L’industrie vinicole argentine, autrefois florissante, est confrontée à sa pire crise depuis plus de 15 ans, en raison d’une consommation intérieure record, d’une baisse des exportations et de faibles rendements des récoltes.
Malgré cette triste réalité, des centaines d’amateurs de vin se sont rassemblés la semaine dernière à Mendoza, au cœur de la région viticole argentine, pour célébrer le Festival national annuel des vendanges du vin. Les participants ont assisté à des spectacles de danse, apprécié de la musique live et voté pour la nouvelle reine du Festival Vendimire.
La 90e édition du festival arrive à un moment où la consommation nationale de vin en Argentine devrait chuter jusqu’à un niveau record de 15,7 litres (4,1 gallons) par personne d’ici 2025, selon l’Institut national de viticulture (INV). Comparez cela à 1970. À l’époque, les Argentins consommaient 90 litres (24 gallons) d’eau par personne et par an.
De plus, 1 100 vignobles ont été fermés à travers le pays, éliminant 3 276 hectares (8 095 acres) de production de raisin.
Fabian Ruggeri, président de l’association industrielle Argentine Wine Corporation, attribue cette baisse principalement à une « baisse spectaculaire du pouvoir d’achat » qui a commencé en 2023. Il a déclaré que la tendance est plus aiguë chez les consommateurs à revenus faibles et moyens qui consomment traditionnellement du vin quotidiennement.
Pour Federico Gambetta, directeur de la cave Altos Las Hormigas, une cave moyenne de Mendoza, la crise est exacerbée par l’évolution des modes de consommation.
« Les gens ne consomment plus de vin en masse », a déclaré Gambetta, soulignant que les consommateurs veulent désormais de la « cohérence » et un sens à leurs achats.

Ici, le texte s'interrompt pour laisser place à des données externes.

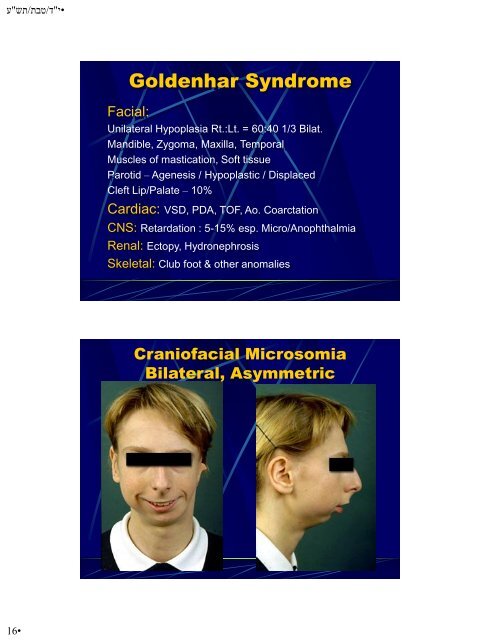 Hypoplasia-Hyperplasia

Les générations plus âgées préfèrent les vins corsés et riches en alcool, tandis que les consommateurs plus jeunes privilégient d’autres attributs, tels que « l’accessibilité, la fraîcheur et la légèreté », qualités que l’on retrouve souvent dans les vins blancs et les rosés.
L’un des vins rouges de Gambetta, le Malbec Los Amantes 2022, a récemment été classé 41e parmi les 100 meilleurs vins du monde. Il souligne cependant qu’à partir de 2010, sa cave a commencé à modifier ses vins, autrefois définis par des profils traditionnels et lourds, pour séduire une nouvelle génération de consommateurs à la recherche de styles plus légers.
« Tout a muté », a déclaré Gambetta. « Si vous n’êtes pas dynamique, vous vous perdrez. »
Un changement similaire se produit aux États-Unis, alors que la population plus âgée axée sur le vin vieillit et que les jeunes générations sont incapables de combler le vide. Le rapport de la Silicon Valley Bank révèle que les buveurs de la génération Y et de la génération Z sont répartis dans davantage de catégories, les buveurs de moins de 29 ans buvant globalement moins.
Les marchés internationaux sont peu rassurants. Onzième exportateur mondial de vin, les exportations de l’Argentine tomberont à 193 millions de litres (51 millions de gallons) en 2025, soit une baisse de 6,8 % par rapport à l’année précédente et le volume le plus bas depuis 2004, selon INV.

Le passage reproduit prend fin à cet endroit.